Last Wednesday was the first day of the inaugural New York Arbitration Week. The day's headliner was a half-day program on the new American Law Institute's Restatement of the U.S. Law of International Commercial and Investor-State Arbitration, the final draft of which was approved earlier this year. The program was led by the Restatement Reporter Columbia Law School Prof. George A. Bermann, and featured an introduction by White & Case partner Carolyn B. Lamm, remarks on the importance of the Restatement by Ninth Circuit Judge Margaret McKeown, and two panel discussions on some of the thornier topics addressed in the Restatement. The panelists included the Restatement's Associate Reporters and key Advisers. The program was held at Sidley Austin and was sponsored and organized by the Chartered Institute of Arbitrators (CIArb) NY Branch.

The Restatement, a product of a 12-year effort, is the first-ever ALI Restatement on international commercial arbitration. Its completion marks an important step in the development of U.S. law on the topic. Although international commercial arbitration within the U.S. is a matter of federal law and governed by statute, primarily the Federal Arbitration Act, 9 U.S.C. §§1-16; §§201-208; §§301-307, the law in this field is largely judge-made. Accordingly, the Restatement sets out to present U.S. law on the subject in a systematic and coherent fashion. It covers a comprehensive spectrum of issues that confront U.S. courts in arbitration matters, including the enforcement of the arbitration agreement, the limited role of courts to intervene in arbitral proceedings and the enforcement of arbitration awards. The final chapter, not discussed Wednesday, addresses differences between investor-state arbitration and international commercial arbitration generally, an area of increasing salience. Judge McKeown opined that, given the "many unanswered questions" in the field of international arbitration, the Restatement promises to be a valuable resource for both judges and counsel in the years to come.

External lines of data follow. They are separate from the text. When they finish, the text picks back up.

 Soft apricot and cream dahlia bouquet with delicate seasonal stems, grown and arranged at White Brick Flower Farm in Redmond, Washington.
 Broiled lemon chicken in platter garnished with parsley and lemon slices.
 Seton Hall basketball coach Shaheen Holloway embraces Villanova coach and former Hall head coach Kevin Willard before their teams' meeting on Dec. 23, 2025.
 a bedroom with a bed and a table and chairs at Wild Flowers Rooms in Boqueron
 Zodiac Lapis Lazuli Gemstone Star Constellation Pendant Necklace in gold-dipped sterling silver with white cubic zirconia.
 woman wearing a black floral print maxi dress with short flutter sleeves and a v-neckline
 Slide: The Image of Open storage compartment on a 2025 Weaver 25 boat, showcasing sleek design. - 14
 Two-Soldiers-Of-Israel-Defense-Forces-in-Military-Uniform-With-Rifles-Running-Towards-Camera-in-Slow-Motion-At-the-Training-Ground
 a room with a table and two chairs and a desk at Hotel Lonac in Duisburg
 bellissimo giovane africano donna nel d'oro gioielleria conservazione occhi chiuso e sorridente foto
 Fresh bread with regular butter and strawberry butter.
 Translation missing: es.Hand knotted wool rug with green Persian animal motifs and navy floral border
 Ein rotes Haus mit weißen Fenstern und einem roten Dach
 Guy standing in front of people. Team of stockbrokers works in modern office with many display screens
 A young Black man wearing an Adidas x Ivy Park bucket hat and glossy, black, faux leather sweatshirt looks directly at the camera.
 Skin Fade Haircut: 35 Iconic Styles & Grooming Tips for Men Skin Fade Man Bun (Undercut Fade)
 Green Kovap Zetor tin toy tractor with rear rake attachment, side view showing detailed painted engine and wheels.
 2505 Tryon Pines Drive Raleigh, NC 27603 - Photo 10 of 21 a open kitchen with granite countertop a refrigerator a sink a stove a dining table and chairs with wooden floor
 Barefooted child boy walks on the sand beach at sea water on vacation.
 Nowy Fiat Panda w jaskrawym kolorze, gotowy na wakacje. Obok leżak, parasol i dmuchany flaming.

The bulk of the program was dedicated to presentations on select important issues that generated "substantial debate" during the drafting process. The topics illustrated the shifting sands in U.S. law governing international arbitration, as well as the value that the Restatement will bring in providing an overview for practitioners not steeped in the sometimes-esoteric questions.

The panel opened with the Restatement's position on whether parties in foreign arbitration can invoke 28 U.S. Code §1782 (assistance to foreign and international tribunals and to litigants before such tribunals) in order to obtain discovery in aid of foreign arbitration. The applicability of §1782 to arbitration, as to which there is a current circuit split, is an important practical consideration for parties who opt for arbitration as a way to avoid full U.S.-style discovery. The Restatement, consistent with the U.S. Supreme Court's 2004 decision in Intel v. Advanced Micro Devices, 542 U.S. 241 (2004), takes the position that §1782 discovery is available to parties in international commercial arbitration proceedings. Although Second Circuit prior pronouncements differ from the Restatement, the panel noted that some district courts have questioned whether the Second Circuit's position remains viable post-Intel. (For a recent decision discussing the matter, now on appeal, see In re App. of Hanwei Guo, 2019 WL 917076 (S.D.N.Y. 2019).)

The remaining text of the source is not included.